(Your goal) For the data below, transcribe the part that opens with the line containing "Hansgrohe iebūvējamā termostata" and closes with the line containing "10K Yellow Gold", exactly and with no pictures.

═══ Listed records ═══

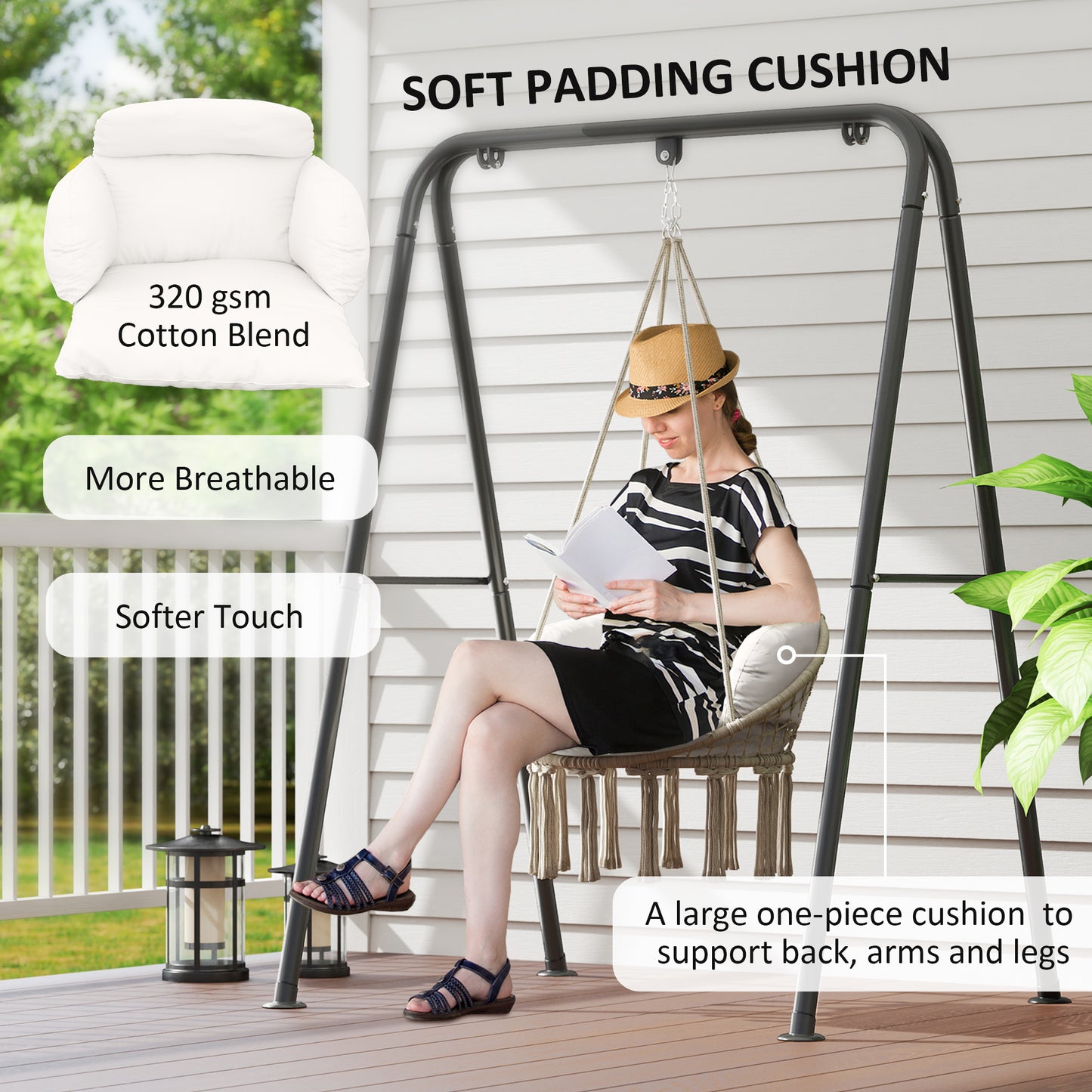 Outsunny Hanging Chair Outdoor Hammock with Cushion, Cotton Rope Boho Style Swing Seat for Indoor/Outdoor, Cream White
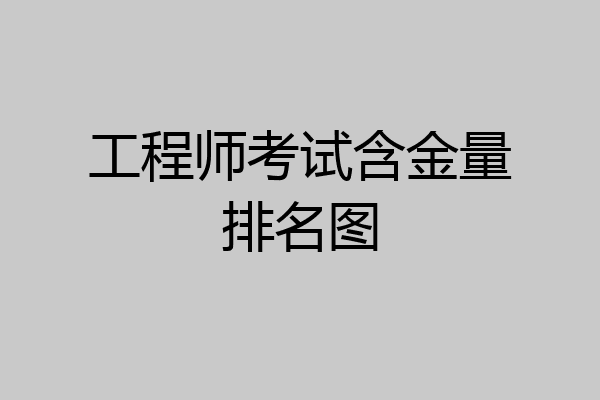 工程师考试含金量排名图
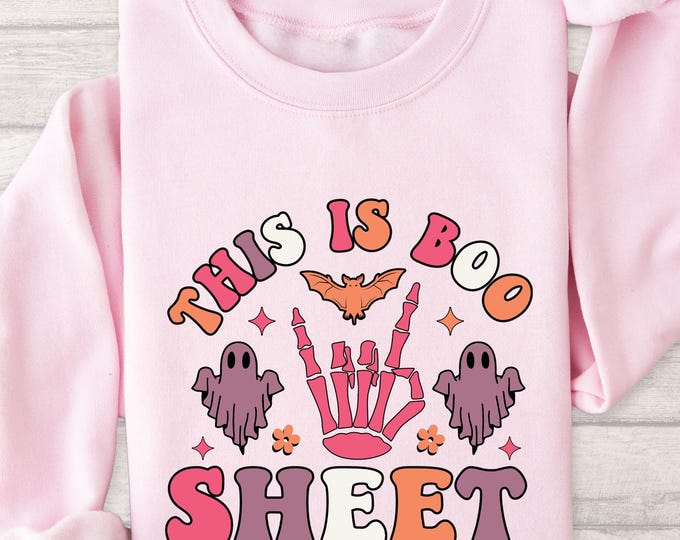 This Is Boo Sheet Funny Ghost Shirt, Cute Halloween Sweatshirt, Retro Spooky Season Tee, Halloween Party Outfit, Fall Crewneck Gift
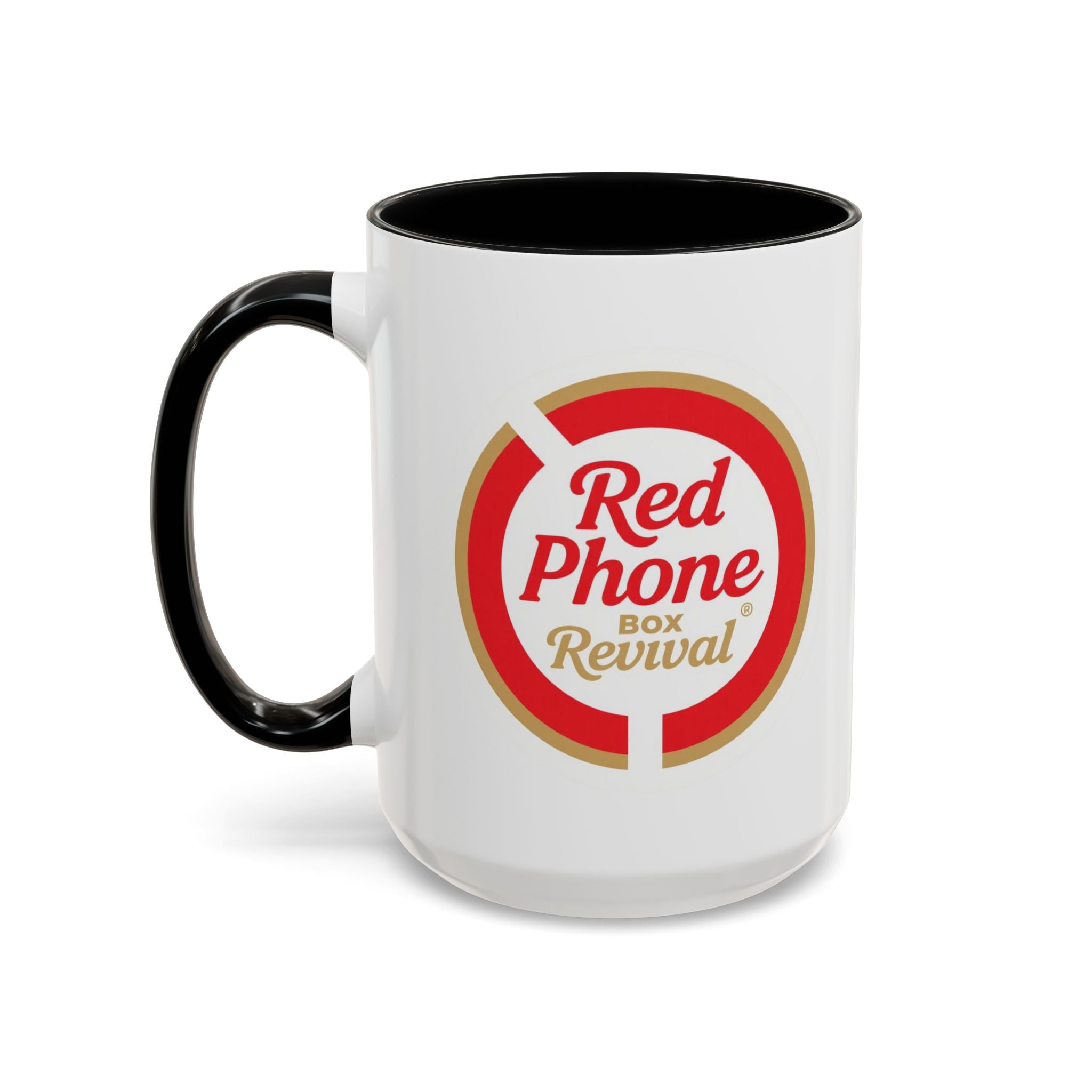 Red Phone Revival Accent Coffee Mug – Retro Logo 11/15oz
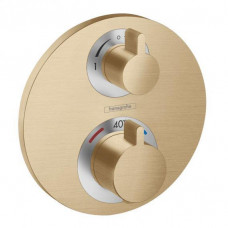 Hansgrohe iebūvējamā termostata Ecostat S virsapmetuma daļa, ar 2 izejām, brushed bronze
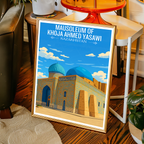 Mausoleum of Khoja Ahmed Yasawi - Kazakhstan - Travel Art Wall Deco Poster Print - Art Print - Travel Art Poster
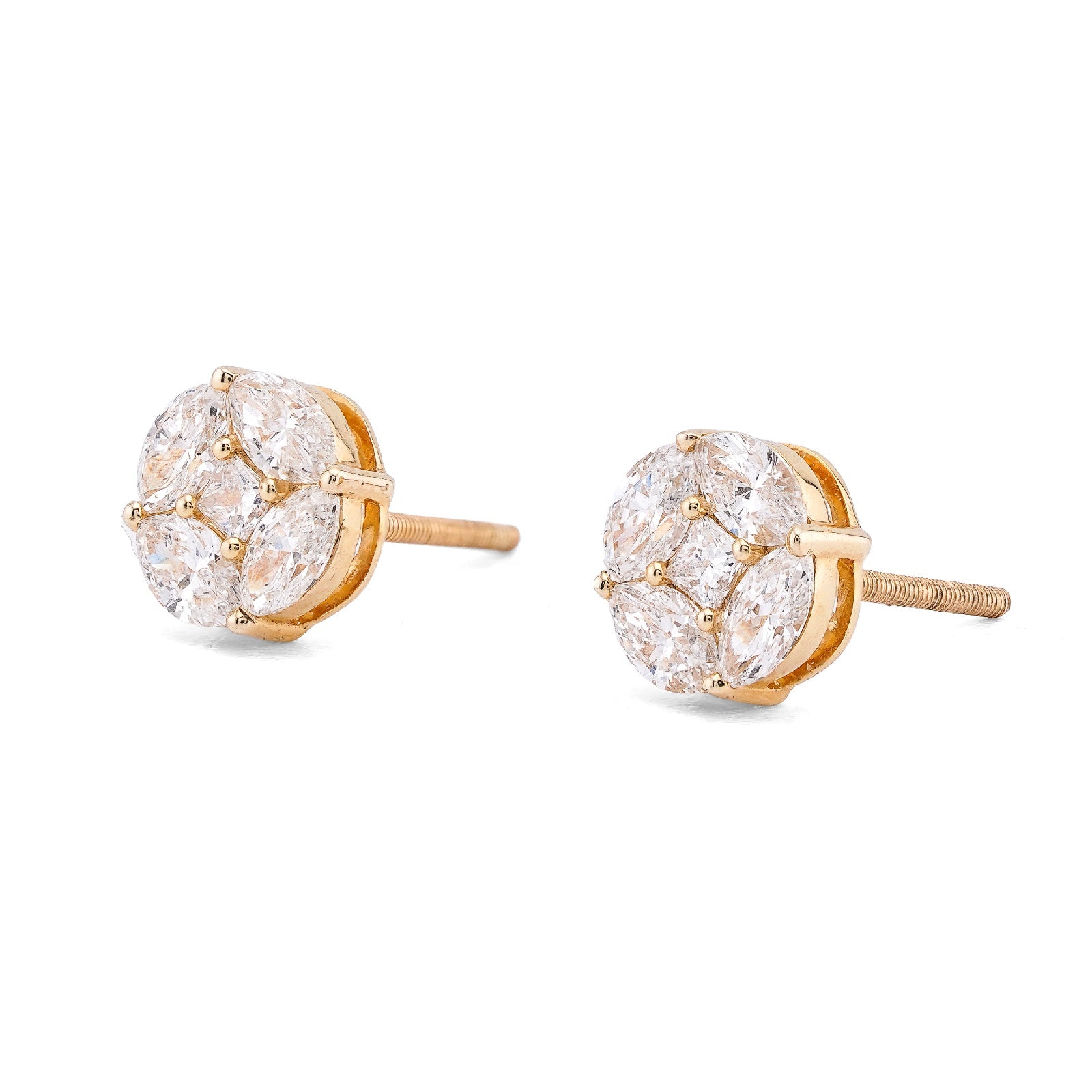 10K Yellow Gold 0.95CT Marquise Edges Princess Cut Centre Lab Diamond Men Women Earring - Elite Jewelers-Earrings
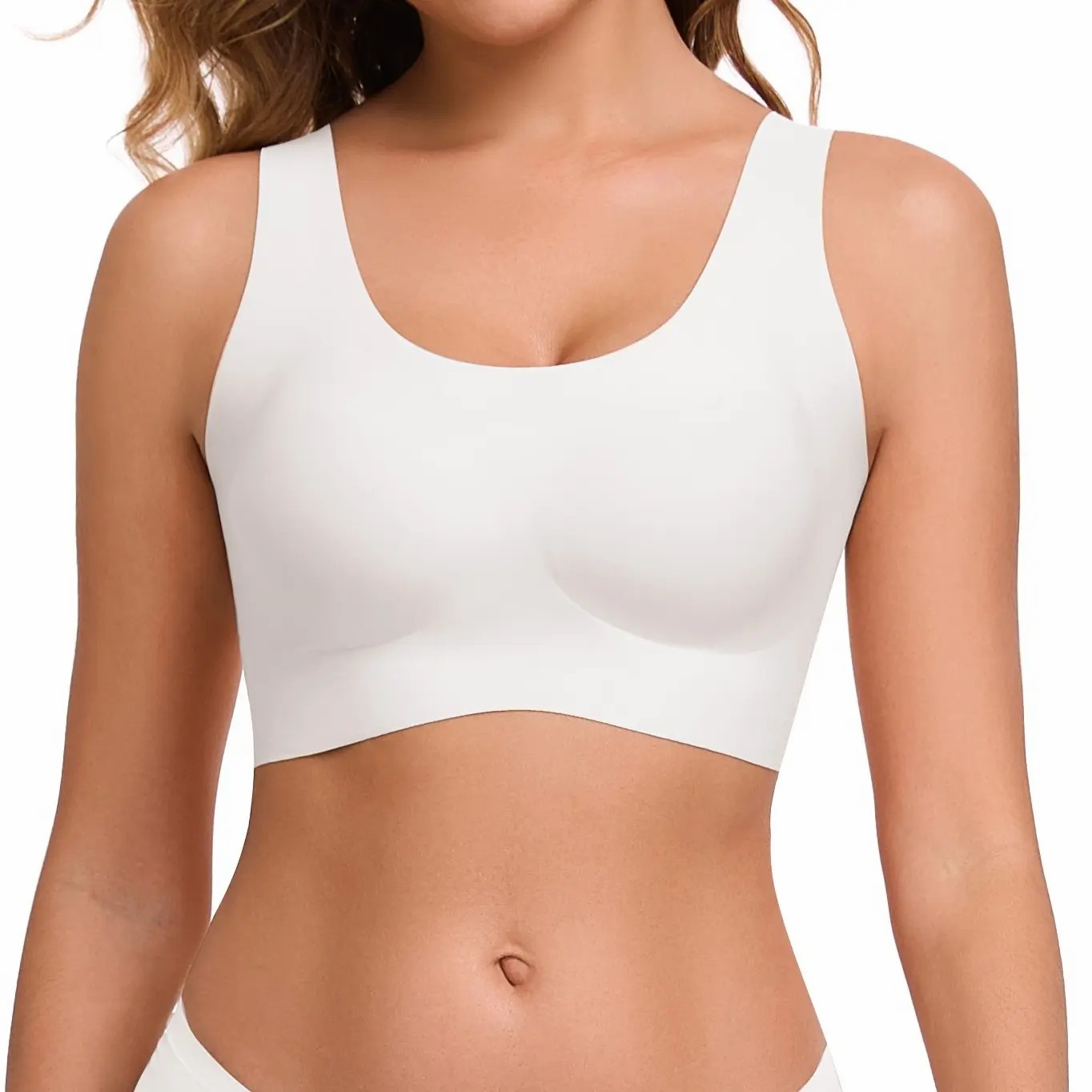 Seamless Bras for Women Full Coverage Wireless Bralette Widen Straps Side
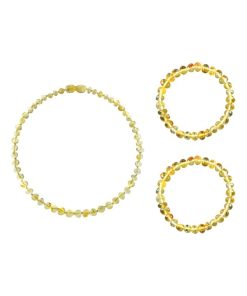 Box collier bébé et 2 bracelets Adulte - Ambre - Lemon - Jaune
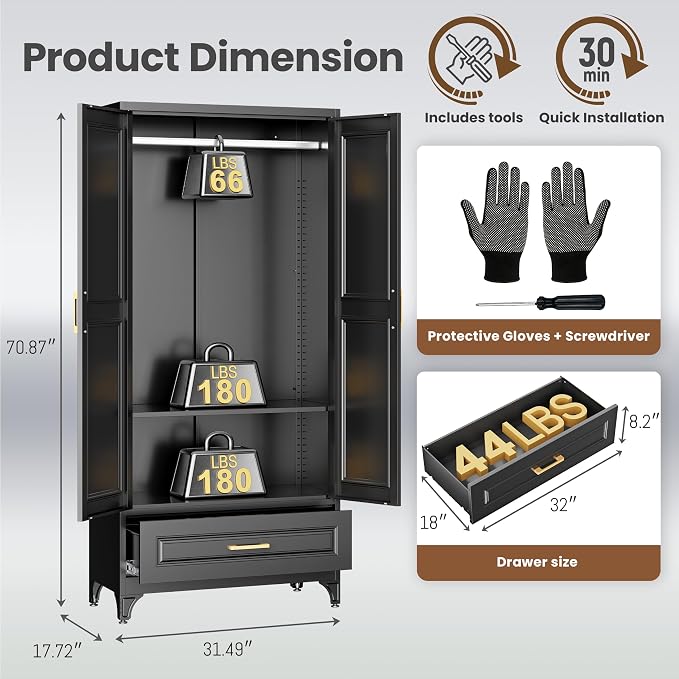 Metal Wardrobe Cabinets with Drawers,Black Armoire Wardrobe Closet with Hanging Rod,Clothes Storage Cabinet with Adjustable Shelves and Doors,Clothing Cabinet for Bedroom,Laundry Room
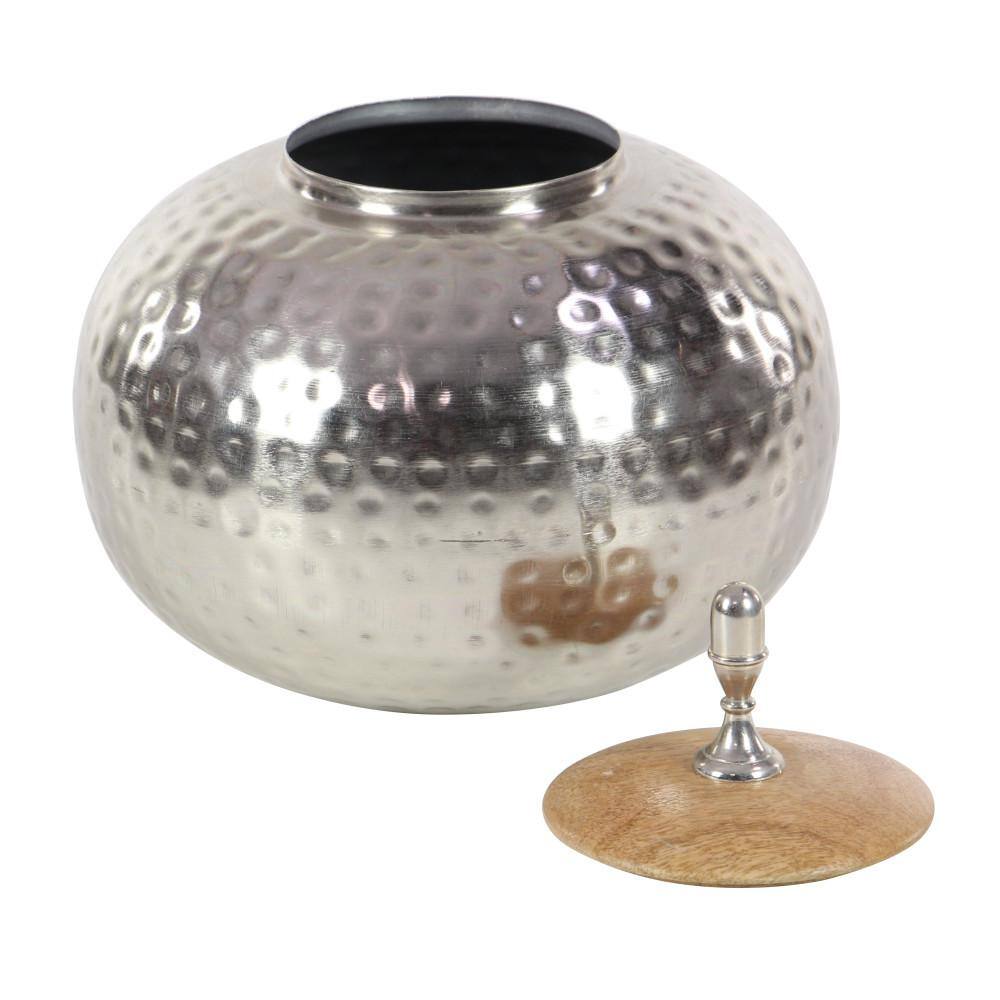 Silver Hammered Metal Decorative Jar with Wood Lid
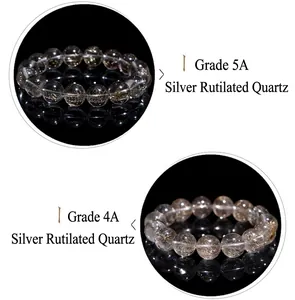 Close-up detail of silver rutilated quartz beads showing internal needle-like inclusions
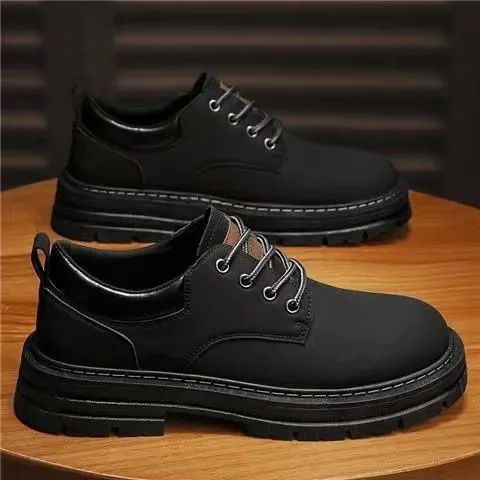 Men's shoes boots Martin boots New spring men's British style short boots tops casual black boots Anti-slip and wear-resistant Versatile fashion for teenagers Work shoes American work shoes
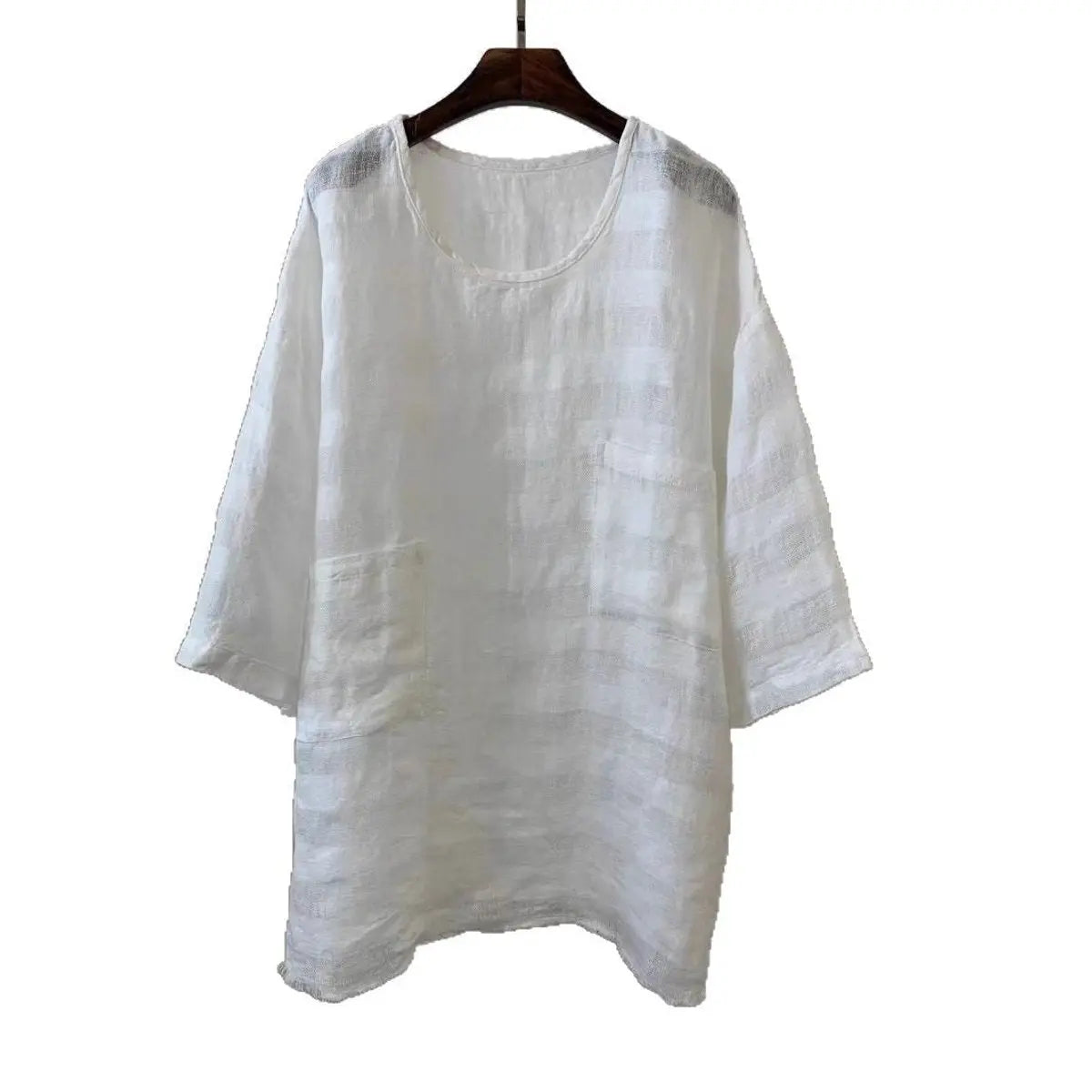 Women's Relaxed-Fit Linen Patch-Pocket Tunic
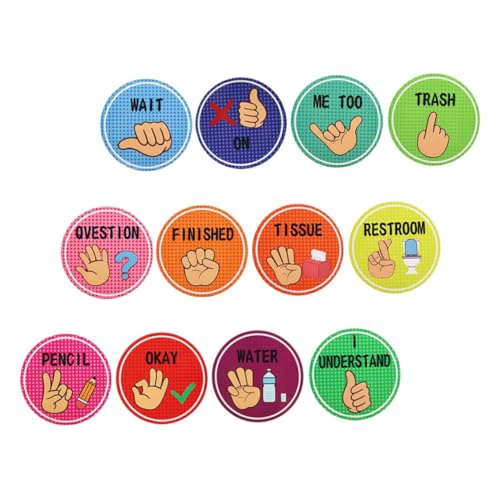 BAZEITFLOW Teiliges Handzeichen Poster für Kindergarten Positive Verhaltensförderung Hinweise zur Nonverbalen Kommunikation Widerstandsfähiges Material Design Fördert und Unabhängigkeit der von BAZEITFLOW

═══

(Solution for this problem)
 Hansgrohe iebūvējamā termostata Ecostat S virsapmetuma daļa, ar 2 izejām, brushed bronze
 Mausoleum of Khoja Ahmed Yasawi - Kazakhstan - Travel Art Wall Deco Poster Print - Art Print - Travel Art Poster
 10K Yellow Gold 0.95CT Marquise Edges Princess Cut Centre Lab Diamond Men Women Earring - Elite Jewelers-Earrings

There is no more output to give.